After months of study and meetings with parent groups, administrators in the North Allegheny School District thought they had found the perfect compromise for a policy to require criminal clearances for volunteers.
They were still going to recommend contracting with the Secure Volunteer program to screen parents who volunteer in the schools, but had backed off of the original idea to have volunteers get cleared every year. The policy administrators had been poised to propose last week required clearances every three years.
With Secure Volunteer, parents could obtain both a Pennsylvania State Police criminal record clearance and a state child abuse clearance from the Department of Public Welfare online for $16.95, less expensive than the $10 each to apply separately.

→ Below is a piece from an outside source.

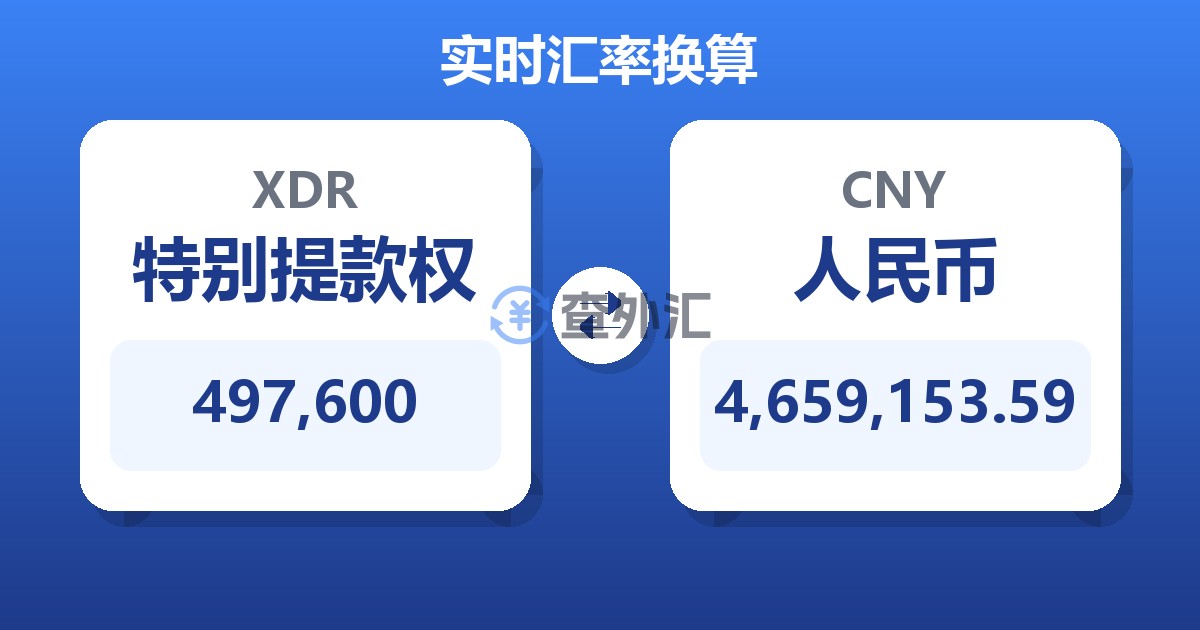 497,600特别提款权兑人民币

However, all that is changing because of Act 153, which was signed into law by Gov. Tom Corbett in late October. The law mandates updated clearances for all school employees and volunteers every 36 months.

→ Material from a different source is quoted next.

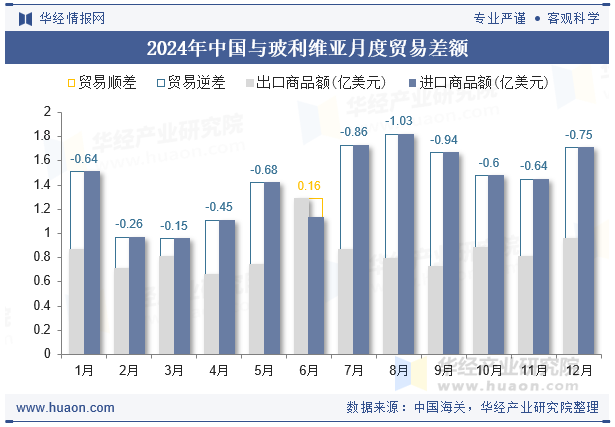2024年中国与玻利维亚月度贸易差额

"Act 153 is treating volunteers from a clearance standpoint the same way they are treating staff members," Robert Scherrer, assistant superintendent, told school board members Nov. 12. "This is going further down the road than we were looking to go."
The law also adds another clearance into the mix. Employees and volunteers who have lived in Pennsylvania fewer than 10 years would have to add a nationwide criminal background check from the FBI, which currently costs $28.75 and requires the applicant to be fingerprinted.

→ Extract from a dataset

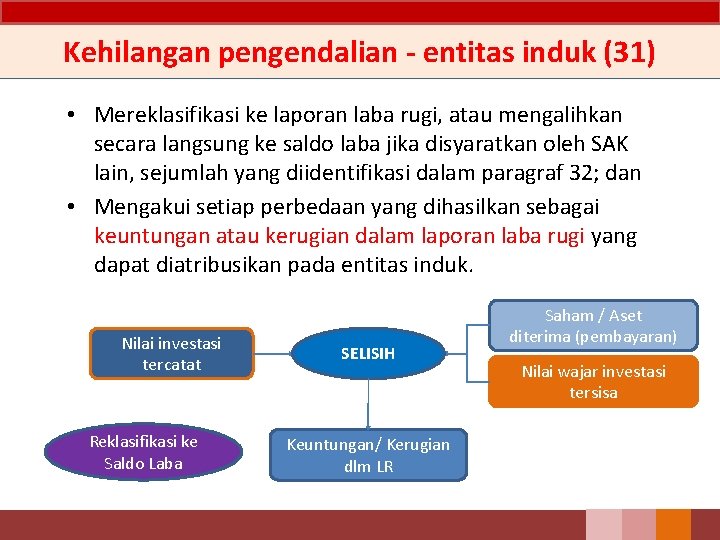 Kehilangan pengendalian - entitas induk (31) • Mereklasifikasi ke laporan laba rugi, atau mengalihkan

“Act 153 goes beyond the policy and procedures we were developing and creates a significant obstacle in implementing what we were considering,” Mr. Scherrer said.
The law takes effect Dec. 31, and the clearances would be required as of July 1, 2015, said Michael Brungo, district solicitor.
The problem, Mr. Brungo said, is that there are no regulations to go along with the law. The regulations will eventually come from the state Department of Education.
“In other words, everything is as clear as mud,” said board member Maureen Grosheider.
School districts have always had the choice of whether to require clearances for volunteers, or even what types of volunteers. The new law makes no distinction between active volunteers “and those who come in once or twice a year for the Halloween party,” Mr. Brungo said.
“This is going to be incredibly stifling for volunteerism,” said board member Kevin Mahler, adding that some elementary school events that require numerous volunteers, such as field day, may no longer be held.
“We need to start thinking this through. … What are our contingency plans?”
Officials said they would look for guidance from the Pennsylvania School Boards Association.
"This school district has 5,000 parents that volunteer. We are only one of 500 school districts. What is going to happen when all the parents apply at the same time? They are going to bring the system down," said superintendent Ray Gualtieri.
The law is also going to be a logistical nightmare for the school district with regard to teacher clearances, Mr. Gualtieri added. Under the law, the district is required to keep track of when a teacher’s clearance is up for renewal and whether that teacher needs to have the additional FBI check.
“Have they figured out how we are going to determine that? Are they going to have to bring me 10 years of tax records?” he asked.
Board President Chris Jacobs said the new law is “an excellent example of how a one-size-fits-all ... doesn't measure up with local realities. Local control, in almost all instances, is preferable.”